Segment Start: DATA SHOWN

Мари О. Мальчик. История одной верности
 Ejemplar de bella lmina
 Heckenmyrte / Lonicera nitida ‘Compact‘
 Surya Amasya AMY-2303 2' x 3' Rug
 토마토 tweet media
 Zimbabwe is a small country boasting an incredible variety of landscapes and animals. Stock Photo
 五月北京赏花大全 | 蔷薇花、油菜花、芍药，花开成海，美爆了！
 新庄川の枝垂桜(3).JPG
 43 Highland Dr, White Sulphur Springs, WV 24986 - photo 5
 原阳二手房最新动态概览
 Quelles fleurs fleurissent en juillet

Segment End: DATA SHOWN

| REQUIRED WORK |
Repeat word for word from the line holding "原阳二手房最新动态概览" down to the last line above, including both.

| EXERCISE RESPONSE |
 原阳二手房最新动态概览
 Quelles fleurs fleurissent en juillet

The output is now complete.